What they meant (the film is based on a true story) was that Pacific Gas & Electric, the giant utility, was poisoning the ground water of the town by allowing chromium 6, a deadly carcinogen, to pollute it. Instead of acknowledging the action, the company hid it for twenty years and tried to cover it up by buying the town homes, saying that it needed the land for its power plant. Meanwhile, residents were sickening and dying without help or hope even to understand what caused their pain.
Now Brockovich, who dresses like a hooker but thinks like Ralph Nader, must tug, pull, harangue, insult, and badger the lazy, retirement-bound Masry into putting back on that cloak of public good and moral actions, and represent the citizens of Hinkley in a lawsuit against PG&E, and the rest of the film is the story of the lawsuit. It's also the story of what a woman with children must put up with if she is to make any kind of life for herself outside her home, and the film deals with that as well. She fights for her clients, and she fights for a decent salary for herself at the office. She fights with the loving George too, and learns from him that she's not the only one with needs.

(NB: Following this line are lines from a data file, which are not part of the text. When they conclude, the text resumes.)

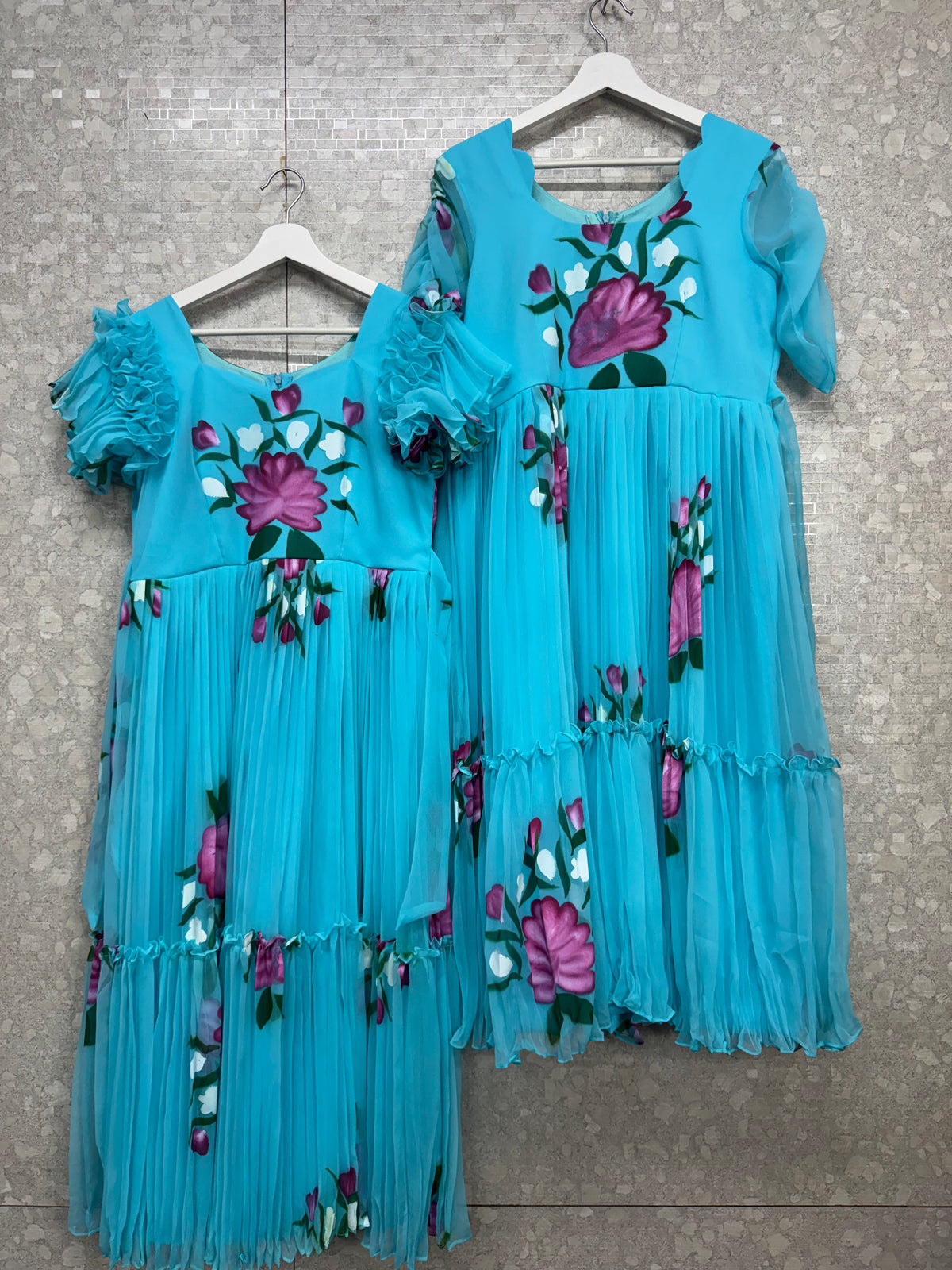 Georget Handpainted frock-SRF1072K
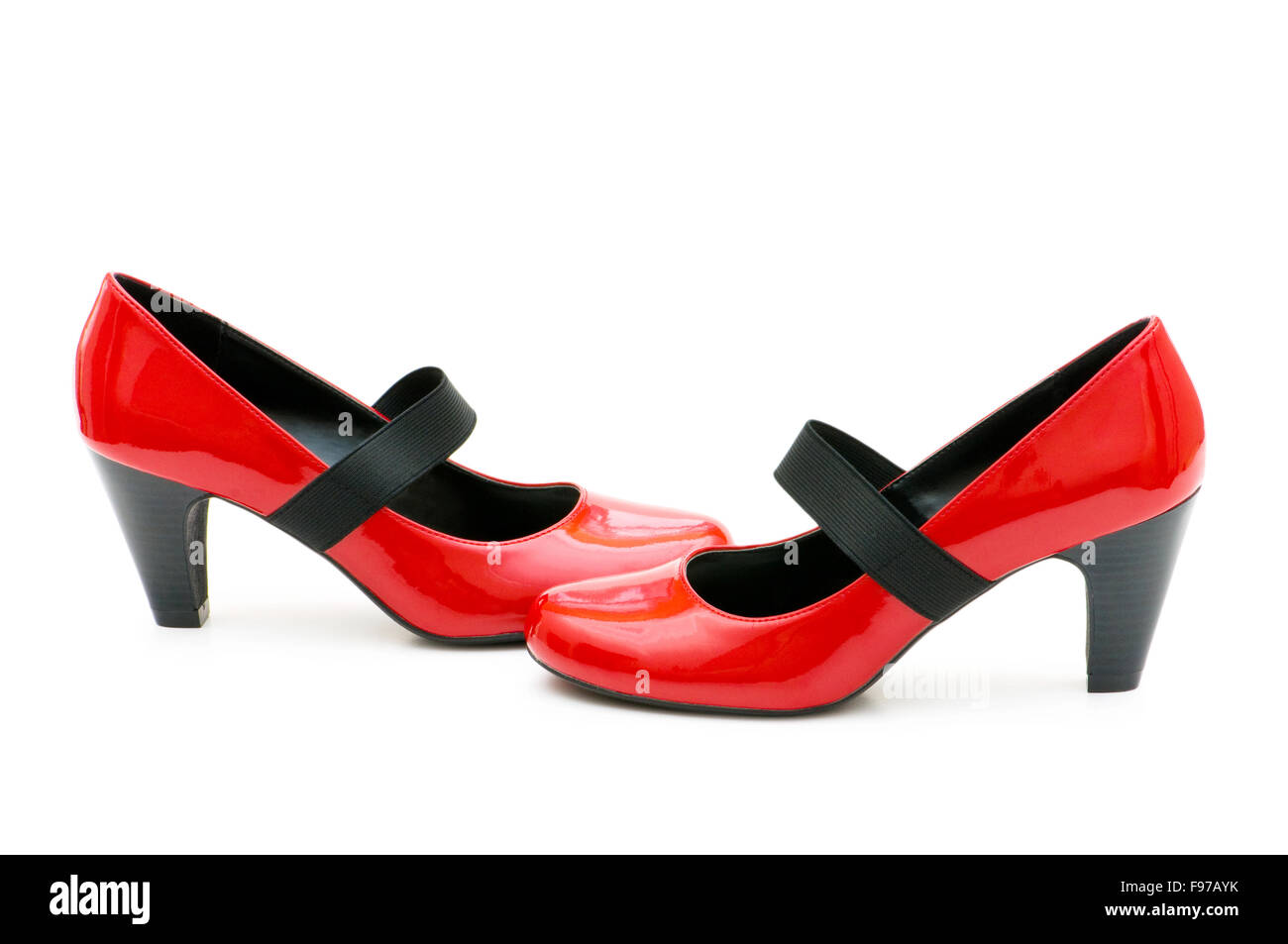 Woman shoes isolated on the white background Stock Photo - Alamy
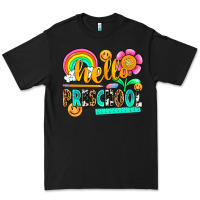 Black hello preschool Premium Tee - NancyCooperArtShop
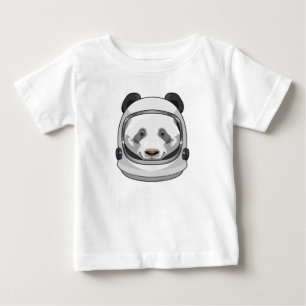 T-shirt Pour Bébé Panda en astronaute avec casque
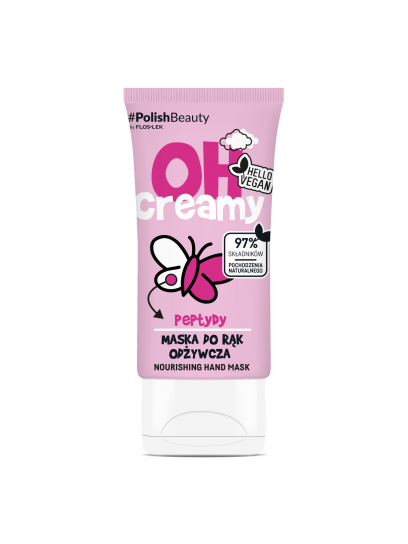 OH Creamy PEPTYDY Maska do rąk odżywcza 50ml - FLOSLEK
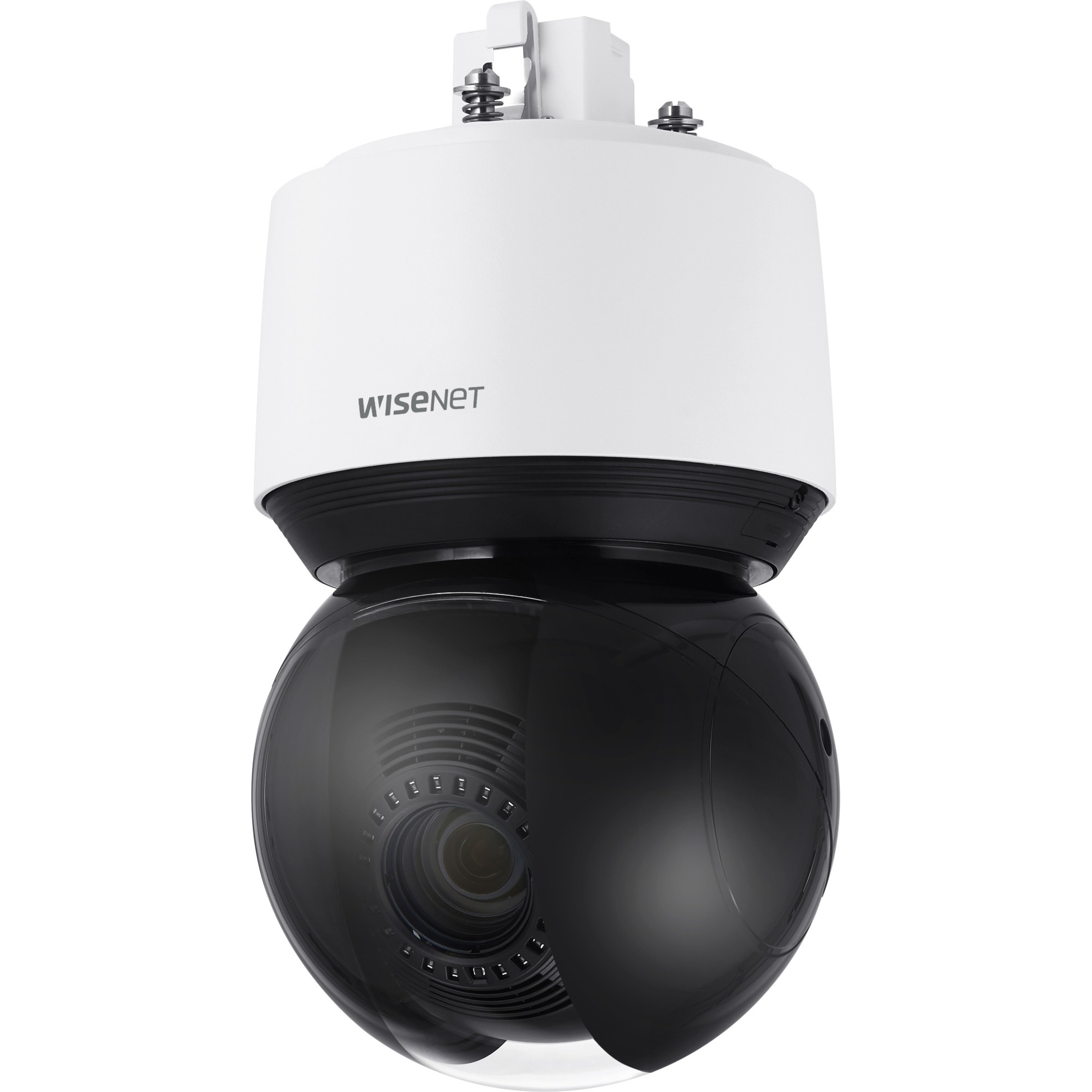 Hanwha XNP-9250 HD Network Camera - Color - Jet Black, Signal White - H.265, H.264, MJPEG - 3840 x 2160 - 5 mm- 125 mm Varifocal Lens - 25x Optical - 30 fps - CMOS - Ceiling Mount, Parapet Mount, Wall Mount, Pole Mount, Corner Mount - IK10 - IP66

Julia Roberts is so good looking, so sexy, so melt-in-the-mouth beautiful, with her enormous eyes and mile-wide smile, that it's easy to forget she has the acting chops to go with them; here she's presented with a real script and she has a ball with it. She is a thoughtful and witty and very human mother, she is an understated lover who shows the scars of previous relationships, and she is the fireball untrained legal assistant who marches through the workplace like a knife through butter. Then she has the wit to slow down to the pace of life and death in Hinkley, as she meets and signs up residents for the lawsuit. This is not a star turn but an actress working in character; she's so good we can't imagine anybody else -- we don't want anybody else -- playing the part.
The director is Steven Soderbergh, whose career since he blew everyone away with his first film, "Sex, Lies, and Videotape," has had its ups and downs. The ups include the noble failure "Kafka" and the powerful "King of the Hill," and the downs include the greatly overpraised, turgid "Out of Sight." Here he's found a good rhythm and let the script determine the pace. There are no directorial twitches, no monochromatic slo-mo sequences, just a lovely and loving recording of the events of the day, both personal and professional. The story, of course, is reminiscent of "Silkwood," "A Civil Action," and "The Insider," all in the tradition of liberal exposÚs of corporate malfeasance -- and let's ask why only liberals care about human life -- but shouldn't we be asking whether, in spite of everybody's hard work, in spite of all the exposés, and in spite of all the deaths by corporate action, whether we will ever make any kind of difference at all? I'm not hopeful.